Reverse osmosis is normally used for the concentration of liquid foods and food process effluents, and, in some cases, for fractionation purposes, e.g., in the beverage industry for production of beer with reduced alcohol content.

Partial demineralization can be obtained by using membranes in the intermediate range between UF and RO, often called nanofiltration. High-molecular-weight compounds are concentrated simultaneously. A higher degree of demineralization can often be obtained using electrodialysis. In this case, however, the product is not concentrated simultaneously.

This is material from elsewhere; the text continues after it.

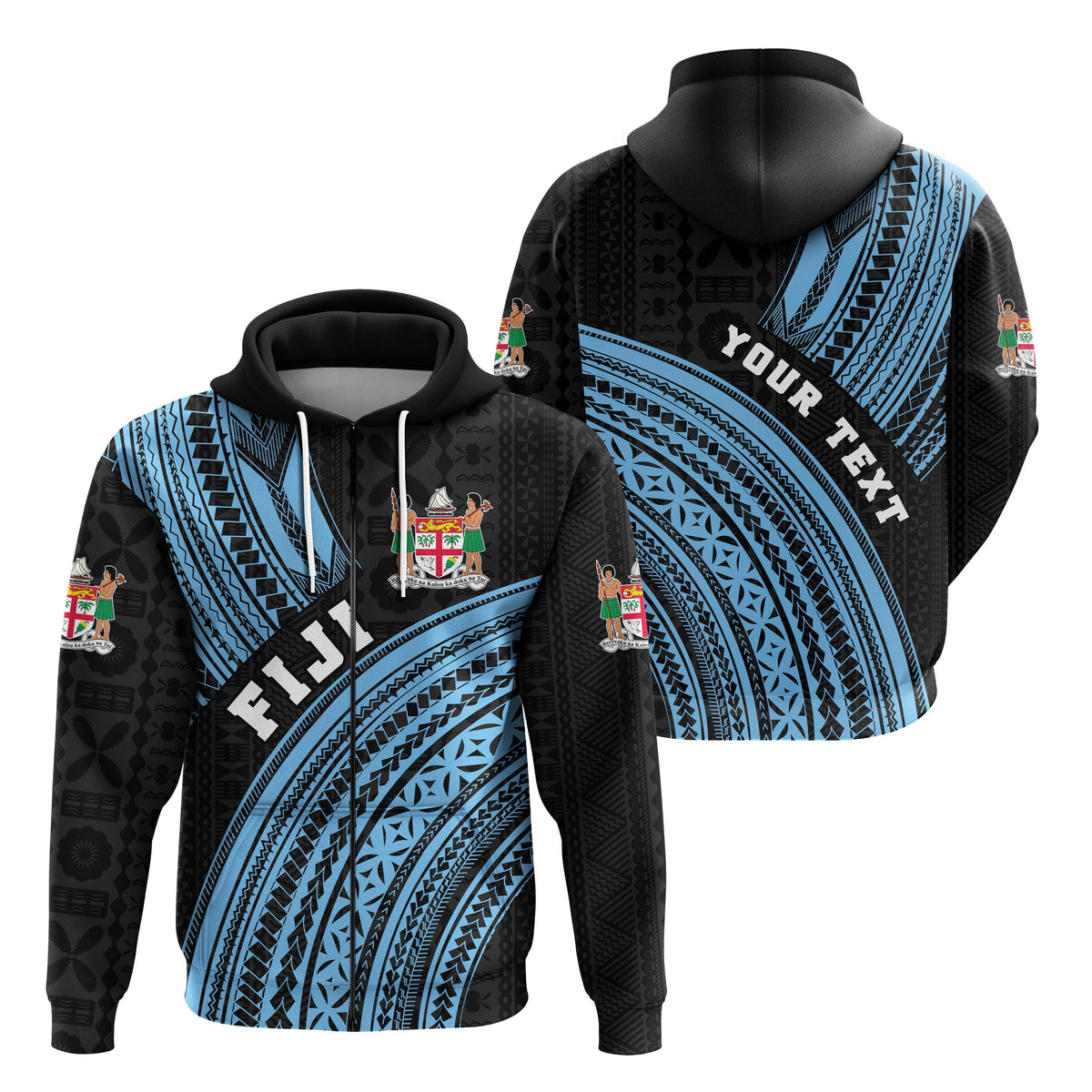 Custom Fiji Zip Hoodie Polynesian Style LT16 - Wonder Print Shop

Membrane separation technology offers a number of advantages in the food industry. Some of these are gentle treatment of the product at the chosen temperature, (resulting in significant improvements in the product quality compared with other techniques where more severe heat treatment is necessary), unique separation properties, concurrent fractionation and concentration, desalination and purification of solutions, low energy consumption, increased efficiency and simple plant layout. Motives to utilize membrane technology were as follows according to a survey of Japanese companies [2]: improvement of product quality (82.1%), reduction of production costs (32.1%); fortification of products against the products from competitors (28.6%).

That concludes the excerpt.